──────── Given records

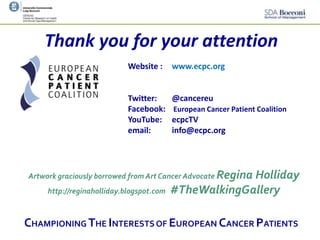 (change footnote using Menu "View > Change
headline/footnote")
Thank you for your attention
Website : www.ecpc.org
Twitter: @cancereu
Facebook: European Cancer Patient Coalition
YouTube: ecpcTV
email: info@ecpc.org
Artwork graciously borrowed from Art Cancer Advocate Regina Holliday
http://reginaholliday.blogspot.com #TheWalkingGallery
CHAMPIONING THE INTERESTS OF EUROPEAN CANCER PATIENTS
 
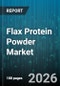 Flax Protein Powder Market - Global Forecast 2026-2032 - Product Thumbnail Image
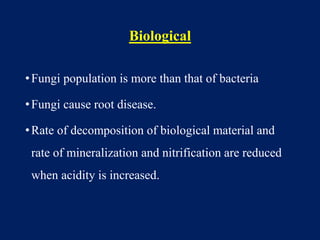 Biological
•Fungi population is more than that of bacteria
•Fungi cause root disease.
•Rate of decomposition of biological material and
rate of mineralization and nitrification are reduced
when acidity is increased.
 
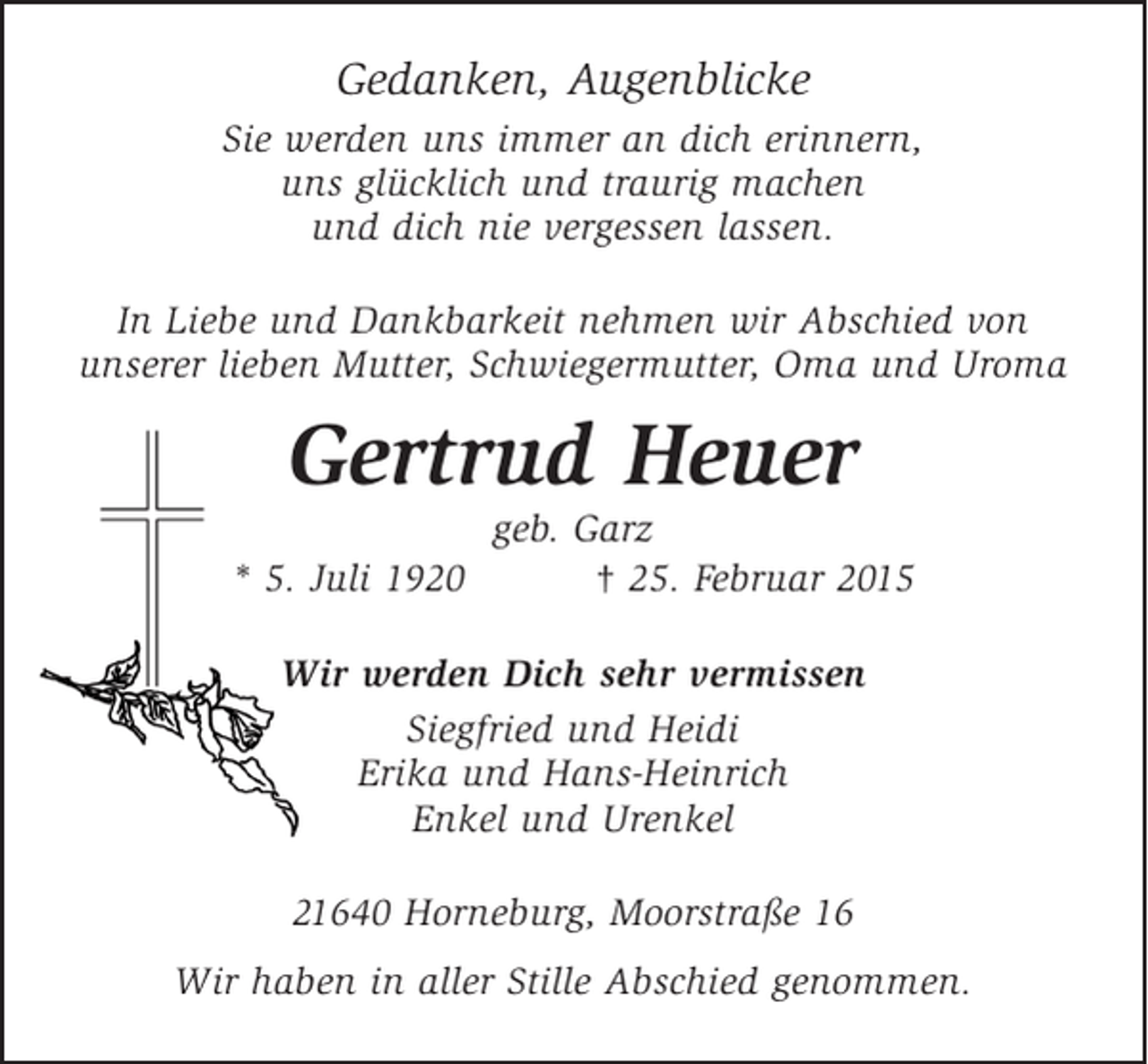 <p>Gedanken, Augenblicke<br />Sie werden uns immer an dich erinnern,<br />uns glücklich und traurig machen<br />und dich nie vergessen lassen.<br />In Liebe und Dankbarkeit nehmen wir Abschied von<br />unserer lieben Mutter, Schwiegermutter, Oma und Uroma</p><p>Gertrud Heuer<br />* 5. Juli 1920</p><p>geb. Garz<br />† 25. Februar 2015</p><p>Wir werden Dich sehr vermissen<br />Siegfried und Heidi<br />Erika und Hans-Heinrich<br />Enkel und Urenkel<br />21640 Horneburg, Moorstraße 16<br />Wir haben in aller Stille Abschied genommen.</p>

────────────────

• [Task description] Using the records above, output an exact copy without any pictures.

• [Finished task]
 (change footnote using Menu "View > Change
headline/footnote")
Thank you for your attention
Website : www.ecpc.org
Twitter: @cancereu
Facebook: European Cancer Patient Coalition
YouTube: ecpcTV
email: info@ecpc.org
Artwork graciously borrowed from Art Cancer Advocate Regina Holliday
http://reginaholliday.blogspot.com #TheWalkingGallery
CHAMPIONING THE INTERESTS OF EUROPEAN CANCER PATIENTS
 
 Flax Protein Powder Market - Global Forecast 2026-2032 - Product Thumbnail Image
 Biological
•Fungi population is more than that of bacteria
•Fungi cause root disease.
•Rate of decomposition of biological material and
rate of mineralization and nitrification are reduced
when acidity is increased.
 
 <p>Gedanken, Augenblicke<br />Sie werden uns immer an dich erinnern,<br />uns glücklich und traurig machen<br />und dich nie vergessen lassen.<br />In Liebe und Dankbarkeit nehmen wir Abschied von<br />unserer lieben Mutter, Schwiegermutter, Oma und Uroma</p><p>Gertrud Heuer<br />* 5. Juli 1920</p><p>geb. Garz<br />† 25. Februar 2015</p><p>Wir werden Dich sehr vermissen<br />Siegfried und Heidi<br />Erika und Hans-Heinrich<br />Enkel und Urenkel<br />21640 Horneburg, Moorstraße 16<br />Wir haben in aller Stille Abschied genommen.</p>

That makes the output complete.